NOVO SISTEMA PARA ACOMPANHAMENTO DA EXECUÇÃO PENAL, PRISÃO CAUTELAR E MEDIDAS DE SEGURANÇA

Comissão de Direito Penal‏

Foi sancionada pela presidente da República, Dilma Rousseff, a Lei 12.714/2012, a qual institui um sistema nacional de acompanhamento de execução de penas, prisão cautelar e medidas de segurança.
Segundo o Ministério da Justiça, responsável pela elaboração da proposta PLC 61/2012 o objetivo é evitar a violação de direitos, como ocorre com pessoas que permanecem presas depois de já terem cumprido integralmente a pena. Os dados deverão ser mantidos em sistema informatizado, com atualização a cargo da autoridade policial, do magistrado e do diretor do estabelecimento prisional ou da unidade de internação. 
Convém notar que um dos principais avanços previstos no novo sistema é uma ferramenta de aviso eletrônico para que magistrados, membros do MP e defensores recebam informações sobre momentos importantes do inquérito ou processo, como o prazo para conclusão da investigação ou a concessão de progressão de regime.

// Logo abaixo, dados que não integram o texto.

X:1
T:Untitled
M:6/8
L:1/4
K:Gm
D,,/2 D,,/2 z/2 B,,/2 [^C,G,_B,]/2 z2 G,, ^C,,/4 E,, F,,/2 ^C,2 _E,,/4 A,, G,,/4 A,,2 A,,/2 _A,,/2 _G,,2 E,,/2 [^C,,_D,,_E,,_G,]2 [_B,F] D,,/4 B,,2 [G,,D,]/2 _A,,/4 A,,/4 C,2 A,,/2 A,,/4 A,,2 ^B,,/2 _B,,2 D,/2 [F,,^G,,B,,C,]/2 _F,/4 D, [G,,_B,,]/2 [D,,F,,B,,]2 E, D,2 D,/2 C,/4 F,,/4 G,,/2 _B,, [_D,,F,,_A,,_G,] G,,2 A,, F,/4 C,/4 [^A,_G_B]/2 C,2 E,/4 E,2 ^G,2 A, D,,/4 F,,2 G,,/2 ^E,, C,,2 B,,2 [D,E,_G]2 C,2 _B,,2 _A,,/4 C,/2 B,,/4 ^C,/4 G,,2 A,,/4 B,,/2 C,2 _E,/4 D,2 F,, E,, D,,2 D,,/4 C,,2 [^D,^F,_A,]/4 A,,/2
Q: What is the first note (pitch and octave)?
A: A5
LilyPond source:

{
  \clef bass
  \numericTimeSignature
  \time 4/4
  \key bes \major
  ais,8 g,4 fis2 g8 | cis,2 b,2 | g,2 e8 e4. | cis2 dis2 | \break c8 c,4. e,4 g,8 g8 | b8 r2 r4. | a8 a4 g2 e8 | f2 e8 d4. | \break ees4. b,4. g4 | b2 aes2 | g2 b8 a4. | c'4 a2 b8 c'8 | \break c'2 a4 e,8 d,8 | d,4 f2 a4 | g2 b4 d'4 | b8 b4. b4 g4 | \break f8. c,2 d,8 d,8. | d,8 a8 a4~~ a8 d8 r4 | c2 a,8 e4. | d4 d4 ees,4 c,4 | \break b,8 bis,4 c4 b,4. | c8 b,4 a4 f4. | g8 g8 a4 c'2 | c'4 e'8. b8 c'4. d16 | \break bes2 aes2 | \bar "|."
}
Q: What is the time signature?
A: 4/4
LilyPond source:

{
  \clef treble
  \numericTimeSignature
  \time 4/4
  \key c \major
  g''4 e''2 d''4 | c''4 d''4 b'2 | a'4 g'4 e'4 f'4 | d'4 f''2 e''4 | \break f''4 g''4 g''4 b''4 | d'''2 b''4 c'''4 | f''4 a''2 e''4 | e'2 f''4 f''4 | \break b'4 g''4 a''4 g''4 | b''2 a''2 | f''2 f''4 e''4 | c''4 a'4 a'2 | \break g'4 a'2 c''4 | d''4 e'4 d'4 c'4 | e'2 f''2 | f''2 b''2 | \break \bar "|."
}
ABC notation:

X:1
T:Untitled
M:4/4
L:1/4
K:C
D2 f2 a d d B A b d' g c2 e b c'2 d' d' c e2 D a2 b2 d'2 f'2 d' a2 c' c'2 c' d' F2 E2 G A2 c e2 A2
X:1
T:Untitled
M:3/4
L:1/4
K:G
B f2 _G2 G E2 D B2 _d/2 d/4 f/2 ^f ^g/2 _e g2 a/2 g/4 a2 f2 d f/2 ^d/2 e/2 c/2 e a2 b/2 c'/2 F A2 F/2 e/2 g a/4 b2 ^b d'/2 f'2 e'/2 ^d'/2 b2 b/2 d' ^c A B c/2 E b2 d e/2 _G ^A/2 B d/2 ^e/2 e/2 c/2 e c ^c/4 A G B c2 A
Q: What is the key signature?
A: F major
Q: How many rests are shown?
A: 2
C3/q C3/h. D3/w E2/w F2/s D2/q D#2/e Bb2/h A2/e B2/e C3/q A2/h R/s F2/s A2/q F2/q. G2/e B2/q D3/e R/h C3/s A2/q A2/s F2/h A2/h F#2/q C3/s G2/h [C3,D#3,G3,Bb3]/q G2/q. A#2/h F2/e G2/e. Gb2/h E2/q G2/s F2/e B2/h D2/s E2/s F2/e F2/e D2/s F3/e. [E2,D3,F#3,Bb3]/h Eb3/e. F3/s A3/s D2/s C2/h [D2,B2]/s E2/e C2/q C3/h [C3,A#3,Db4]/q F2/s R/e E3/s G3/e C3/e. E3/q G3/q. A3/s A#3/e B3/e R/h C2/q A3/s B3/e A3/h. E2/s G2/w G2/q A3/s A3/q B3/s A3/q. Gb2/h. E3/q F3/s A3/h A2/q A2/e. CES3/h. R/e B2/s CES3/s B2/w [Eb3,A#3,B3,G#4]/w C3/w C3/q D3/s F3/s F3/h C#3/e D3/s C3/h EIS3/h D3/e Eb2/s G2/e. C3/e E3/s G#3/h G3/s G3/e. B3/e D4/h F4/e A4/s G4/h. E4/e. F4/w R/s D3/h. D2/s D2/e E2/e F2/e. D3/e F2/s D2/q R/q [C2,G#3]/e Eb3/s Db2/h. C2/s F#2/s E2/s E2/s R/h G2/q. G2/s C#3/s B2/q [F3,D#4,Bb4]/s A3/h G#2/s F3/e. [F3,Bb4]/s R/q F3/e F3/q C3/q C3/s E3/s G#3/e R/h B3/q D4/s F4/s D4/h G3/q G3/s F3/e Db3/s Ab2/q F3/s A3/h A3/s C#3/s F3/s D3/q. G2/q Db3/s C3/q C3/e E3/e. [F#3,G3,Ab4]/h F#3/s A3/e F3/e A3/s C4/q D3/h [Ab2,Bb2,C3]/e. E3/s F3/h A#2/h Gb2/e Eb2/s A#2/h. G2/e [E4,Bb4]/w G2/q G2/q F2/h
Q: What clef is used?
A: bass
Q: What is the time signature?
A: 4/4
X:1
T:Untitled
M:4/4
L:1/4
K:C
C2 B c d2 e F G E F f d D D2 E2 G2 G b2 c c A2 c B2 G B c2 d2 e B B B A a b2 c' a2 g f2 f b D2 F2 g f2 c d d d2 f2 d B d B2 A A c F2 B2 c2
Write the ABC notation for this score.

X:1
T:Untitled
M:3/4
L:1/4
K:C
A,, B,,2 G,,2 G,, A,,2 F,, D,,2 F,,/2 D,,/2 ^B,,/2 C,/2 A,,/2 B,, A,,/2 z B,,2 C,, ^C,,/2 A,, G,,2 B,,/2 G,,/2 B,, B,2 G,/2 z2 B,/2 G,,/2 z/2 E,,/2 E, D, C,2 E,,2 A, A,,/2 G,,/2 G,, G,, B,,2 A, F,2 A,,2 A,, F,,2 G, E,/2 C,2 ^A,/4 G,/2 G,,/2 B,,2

De acordo com a lei, o sistema de acompanhamento deverá conter dados pessoais; data da prisão ou da internação; comunicação da prisão à família e ao defensor; tipo penal e pena em abstrato; tempo de condenação ou da medida aplicada; dias de trabalho ou estudo; dias remidos (descontados da pena); atestado de comportamento carcerário expedido pelo diretor do estabelecimento prisional; faltas graves; exame de cessação de periculosidade, no caso de medida de segurança; e utilização de equipamento de monitoração eletrônica pelo condenado.
Além disso, o sistema informará as datas estipuladas para conclusão do inquérito; oferecimento da denúncia; obtenção da progressão de regime; concessão do livramento condicional; realização do exame de cessação de periculosidade; e enquadramento nas hipóteses de indulto ou de comutação de pena. Também incluirá ferramentas para cálculo da remição da pena e identificação de outros processos em que tenha sido determinada a prisão da mesma pessoa.( E.V.)

Veja a baixo o texto legal fonte:
http://www.planalto.gov.br/ccivil_03/_Ato2011-2014/2012/Lei/L12714.htm

LEI Nº 12.714, DE 14 DE SETEMBRO DE 2012.

Vigência
Dispõe sobre o sistema de acompanhamento da execução das penas, da
prisão cautelar e da medida de segurança.


A PRESIDENTA DA REPÚBLICA Faço saber que o Congresso Nacional decreta
e eu sanciono a seguinte Lei:


Art. 1o Os dados e as informações da execução da pena, da prisão cautelar e da medida de segurança deverão ser mantidos e atualizados em sistema informatizado de acompanhamento da execução da pena.


§ 1o Os sistemas informatizados de que trata o caput serão, preferencialmente, de tipo aberto.


§ 2o Considera-se sistema ou programa aberto aquele cuja licença de uso não restrinja sob nenhum aspecto a sua cessão, distribuição, utilização ou modificação, assegurando ao usuário o acesso irrestrito e sem custos adicionais ao seu código fonte e documentação associada, permitindo a sua modificação parcial ou total, garantindo-se os
direitos autorais do programador.


§ 3o Os dados e as informações previstos no caput serão acompanhados pelo magistrado, pelo representante do Ministério Público e pelo defensor e estarão disponíveis à pessoa presa ou custodiada.


§ 4o O sistema de que trata o caput deverá permitir o cadastramento do defensor, dos representantes dos conselhos penitenciários estaduais e do Distrito Federal e dos conselhos da comunidade para acesso aos dados e informações.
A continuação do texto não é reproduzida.